Keeping Your Feet Dry with Mosaic Datasets
Mosaic datasets can be used store and manage a collection of raster grids. We demonstrate this by downloading some high resolution DEMs and the stitch them together in a mosaic dataset. (Updated May 2019 to point out how to fix any problems from the start.)
Even as we speak, students in ERST202 are engaged in a fairly big project looking at the impacts of potential sea level rise on the New Zealand coast. We’re modelling the effects of a 2 m rise in sea level and, as you might imagine, a key first step is trying to determine the areas that would be directly affected. For this we need some good elevation data, handily provided by some digital elevations models (DEMs). While we’ve got a national scale DEM with a grid cell size (resolution) of 25 m by 25 m, this is pretty coarse for our purposes.

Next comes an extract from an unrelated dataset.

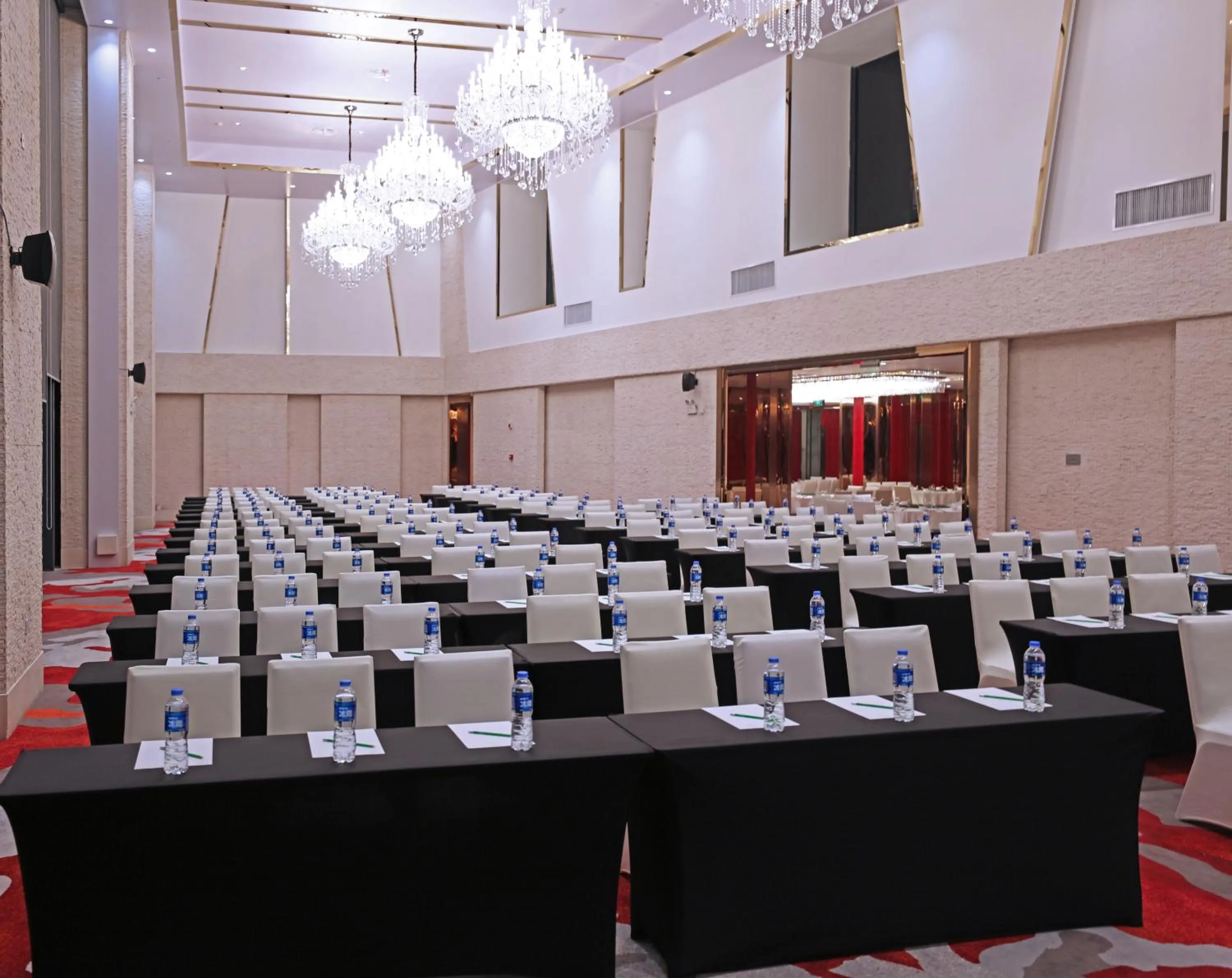 Meeting/conference room in Holiday Inn Shanghai Hongqiao West by IHG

Top of the list is a 1 m DEM for Christchurch and Selwyn derived from LiDAR data – sweeeeeeet! All up, this DEM is 2.7 Gb in size:
After signing in, they zoomed into their area of interest, which was Sumner/Godley Head:
The LINZ Data Service allows one to crop a smaller area out by clicking on the crop button, , and drawing a box around the area to be cropped (I’m clipping out a smaller area than they needed just for demonstration purposes):
This gets the file size down to 5.1 Mb, much more manageable. When the download button is clicked, you’ve got a choice of format and coordinate systems:
We try and keep all of our data in New Zealand Transverse Mercator (NZTM) so that’s a good choice for the projection. For rasters we could download them as TIFFs or ASCII files – I’ll go with TIFFs for this but maybe we’ll talk about ASCII files another day. The data get packaged up in a zip file and once that’s been downloaded and unzipped, I can add the DEMs to a map:
Well. That’s interesting. It’s certainly not what we’re used to when looking at DEMs – it’s clearly tiled. When downloading, the data service automatically tiles the DEM so in this case we’ve ended up with nine smaller grids. It would certainly be nice to somehow group these grids together rather than have to treat each grid separately. And this is where mosaic datasets come in.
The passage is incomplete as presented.